I am doing topic modelling on a database containing downloaded tweets using the topicmodels
package in R. I prepare a corpus from the original text of the tweets which I turn into a dfm object. Then, I run the dfm through the LDA function.
However, with the dataset I am using, the dfm has a few rows with no non-zero values, so I'm forced to run dfm_subset in order to be able to run the LDA:
corpus_tweets <- corpus(mydata$text)
corpus_tweets <- iconv(corpus_tweets,"UTF-8","latin1",sub="") #get rid of emojis, end-of-line characters
corpus_tweets <- gsub("#\\w+", "", corpus_tweets) #get rid of hashtags
corpus_tweets <- gsub("[[:punct:]]", "", corpus_tweets) #get rid of punctuation
corpus_tweets <- gsub("[[:digit:]]", "", corpus_tweets) #get rid of numbers
corpus_tweets <- gsub("^\\s+|\\s+$", "", corpus_tweets)
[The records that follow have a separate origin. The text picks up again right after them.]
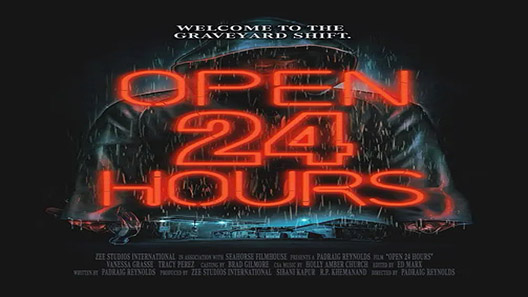 فيلم Open 24 Hours 2018 مترجم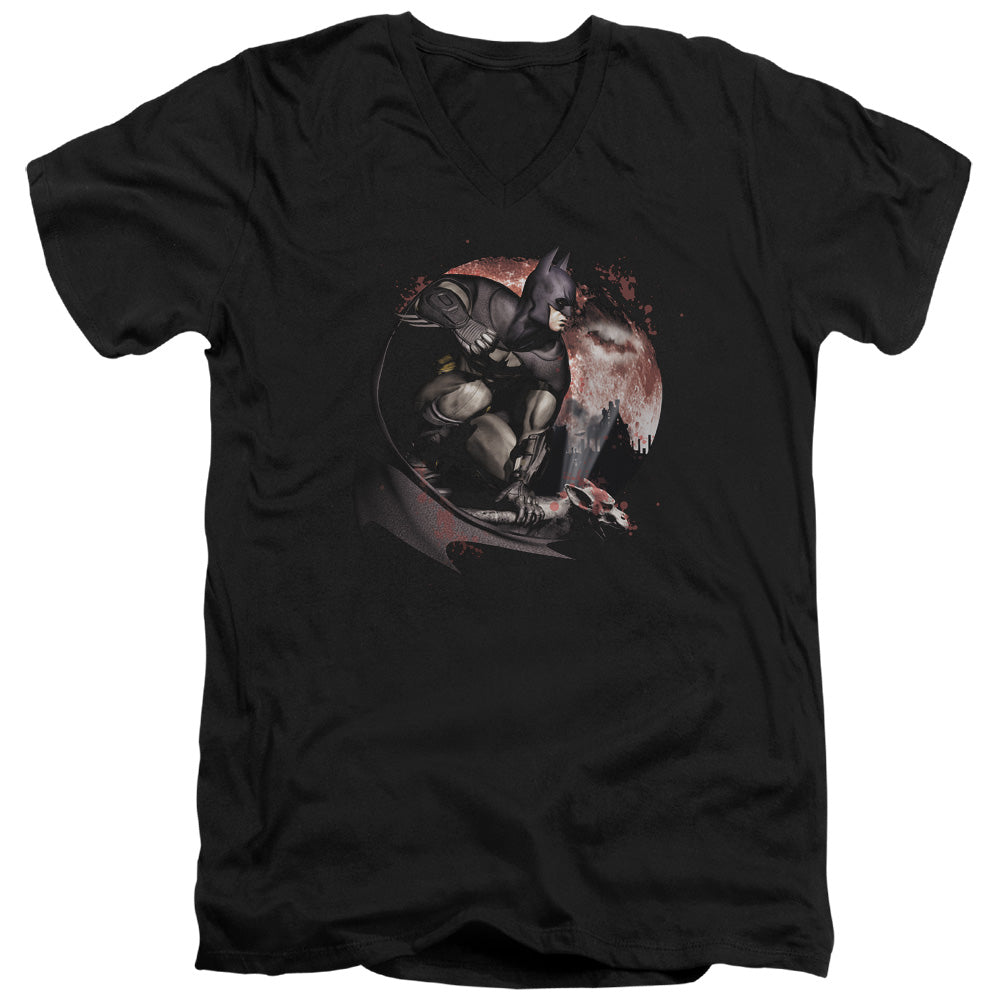 ARKHAM CITY/BLOOD MOON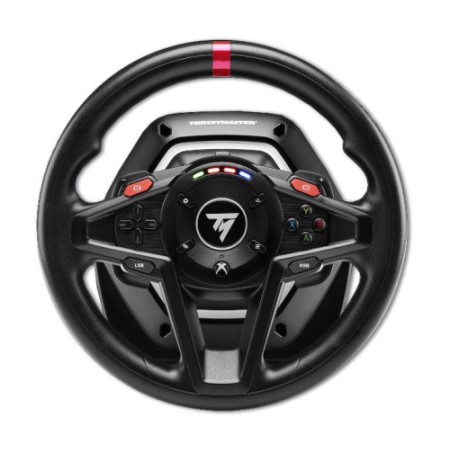 THRUSTMASTER VOLANTE + PEDALES T128 PARA XBOX / PC
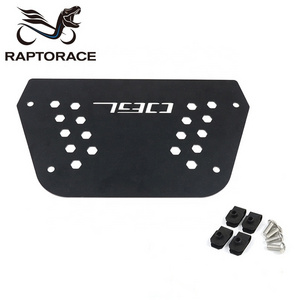 Raptorace fit for KTM 790 790ADV ADV Adventure 2019-2021 Aftermarket Engine Guard Bash Plate Cover Mud Crap Flap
corpus_tweets <- tolower(corpus_tweets)
corpus_tweets <- removeWords(corpus_tweets , stopwords("spanish"))
edsdfm <- tokens(corpus_tweets, remove_punct = T, remove_numbers = T,
remove_url = T, remove_symbols = T) %>%
tokens_ngrams(n = 1:2) %>%
dfm()
edsdfm <- dfm_subset(edsdfm, ntoken(edsdfm) > 0)
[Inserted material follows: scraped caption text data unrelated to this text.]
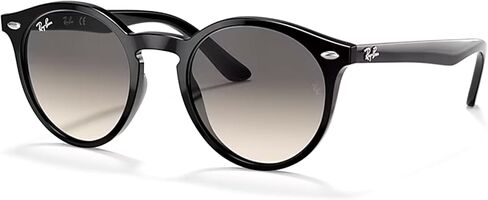 Ray-Ban Junior Kids' Round Sunglasses for Men for Women + BUNDLE with Designer iWear Eyewear Kit in Saudi Arabia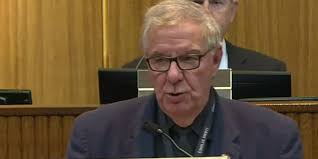 Holmberg ordered to go to jail while waiting for sentencing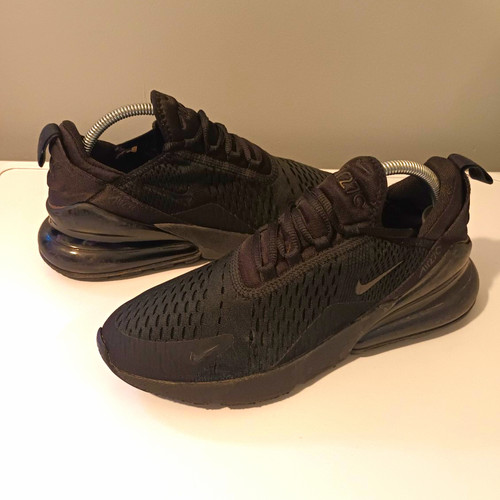 Nike air max - nike, black
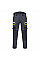 DX449 Metal Grey DX4 Work Trousers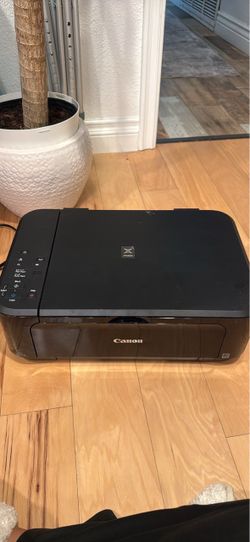 Canon PIXMA All-in-One Inkjet Printer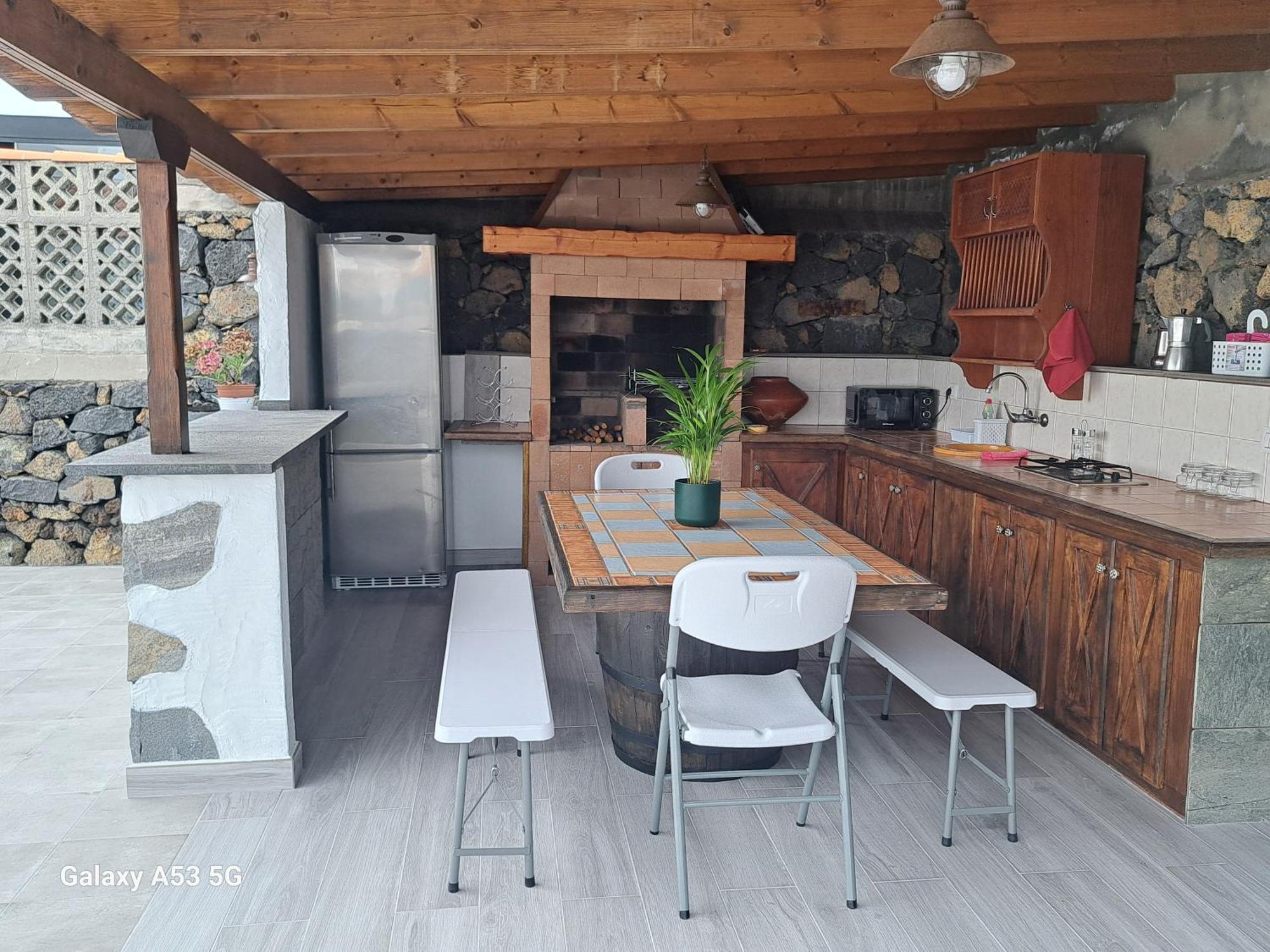 Amalava Villa El Paso Kültér fotó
This workaround doesn't get me far though, since I run into the issue noted on this thread by Dario Lacan: I can no longer categorise my original tweets by the results of the LDA analysis, since the resulting matrix doesn't correspond anymore to the original dataframe.
Instead, I could use some of the solutions suggested on that thread, but none work for me, since they all hinge on this code:
rowTotals <- apply(dtm , 1, sum) #Find the sum of words in each Document
dtm.new <- dtm[rowTotals> 0, ] #remove all docs without words
But whenever I try to run it, R returns the following error:
Error: cannot allocate vector of size 14.9 Gb
This is possibly due to the large size of the database I'm working with (over 25,000 tweets). I have been stuck here for a whole day and I'm running out of ideas on how to detect which rows contain no non-zero values and delete them on my original database.